Phase I trial of 6-diazo-5-oxo-L-norleucine (DON) administered by 5-day courses.

6-Diazo-5-oxo-L-norleucine (DON), an L-glutamine antagonist, was administered to 25 evaluable patients with refractory advanced solid tumors in a phase I trial. A total of 58 evaluable courses of five daily iv injections every 3-4 weeks were given, at doses ranging from 7.5 to 90 mg/m2/day. The major dose-limiting toxicity was a syndrome of nausea, vomiting, malaise, and anorexia, which became severe at doses greater than 52.5 mg/m2/day. Diarrhea and stomatitis were less frequent. Hematologic toxicity included mild leukopenia with nadir on Day 6-8 and mild thrombocytopenia with nadir on Day 7-12. Transient decreases in serum calcium to 8.5--8.9 mg/dl were seen in seven of 12 patients receiving greater than or equal to 67.5 mg/m2/day.
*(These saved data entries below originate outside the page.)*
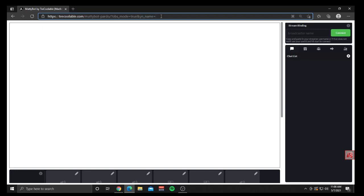Hey everybody, MattyFlip here. I'm going to show you guys how to set up MattyBot in OBS so that you can have the top fans overlay and get your sound effects to play through OBS. The only thing that you won't be able to do with MattyBot through OBS is give voices to the people in your chat.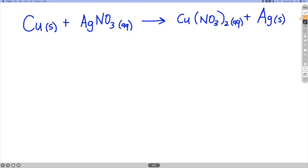What we're going to analyze in this reaction is if we put the same mass of these two reactants together — let's say 50 grams of each reactant. Some of the questions we might have: which one of these is the limiting reactant, which one is going to run out first? Another question would be how much product do we end up making — how many moles and grams of copper 2 nitrate and silver are produced? And a third question might be how much excess reactant is left over.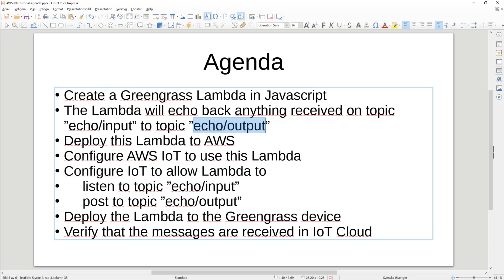The only thing you actually need to do to listen to an incoming MQTT message in a Lambda is to have a handler for it, and that handler will be called whenever a message is put on the topic. So we'll create this Lambda, go through the code, deploy to AWS, configure AWS to use this Lambda, configure IoT to allow the Lambda to listen to echo input and post to echo output, and then deploy the Lambda to the Greengrass device and verify that the messages are received when we post them to the edge device.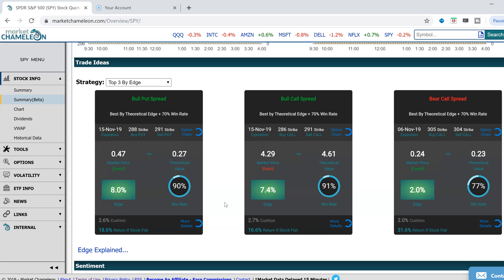Hi everyone, this is Dimitri Pargamonik with MarketChameleon.com. Right now I wanted to discuss one of the most important things you would need to succeed in trading options, and that is an edge.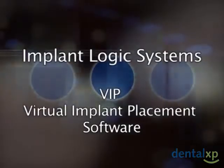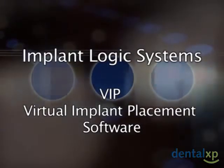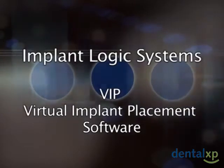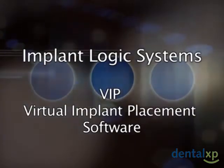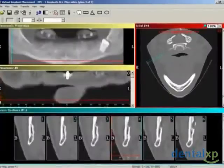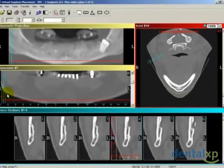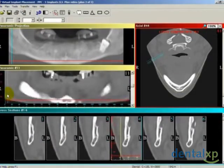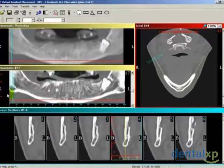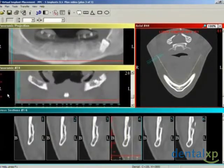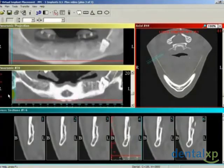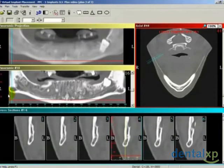In this segment, we will demonstrate the use of the ImplantLogic System software to treatment plan the implant selection and surgical placement for Patricia's case. The program allows the user to scroll through the individual slices. The panoramic series contains the vertical CT slices going from the front of the mouth to the back of the mouth.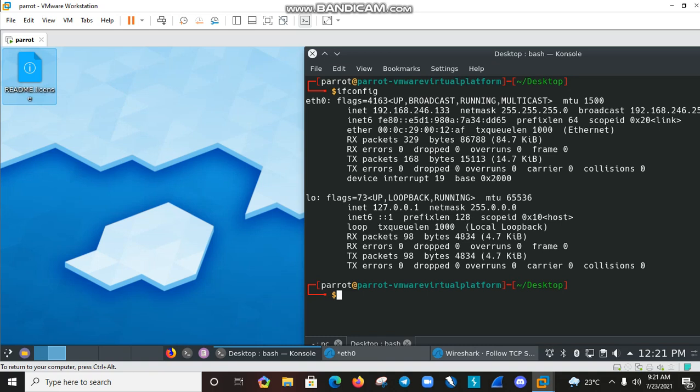If we want to send traffic in encrypted form, we can use socat or ncat instead of plain netcat.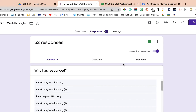The second thing we're going to do is delete all the responses so we can use this staff walkthrough again next year. A huge benefit of doing this is that you don't have to change the original link for this Google Form — the link stays the same because we're not making a copy. Once you make a copy, the link changes, so if you had it in a parent email, staff email, or bookmarked, you'd have to redo all of that.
Dose reduction was required for all patients who received a course of DON at greater than 67.5 mg/m2/day, and a maximum tolerated total dose of 250 mg/m2 (50 mg/m2/day x 5) is suggested for this schedule. Mixed responses were seen in one patient with bladder carcinoma and in one with pulmonary adenocarcinoma.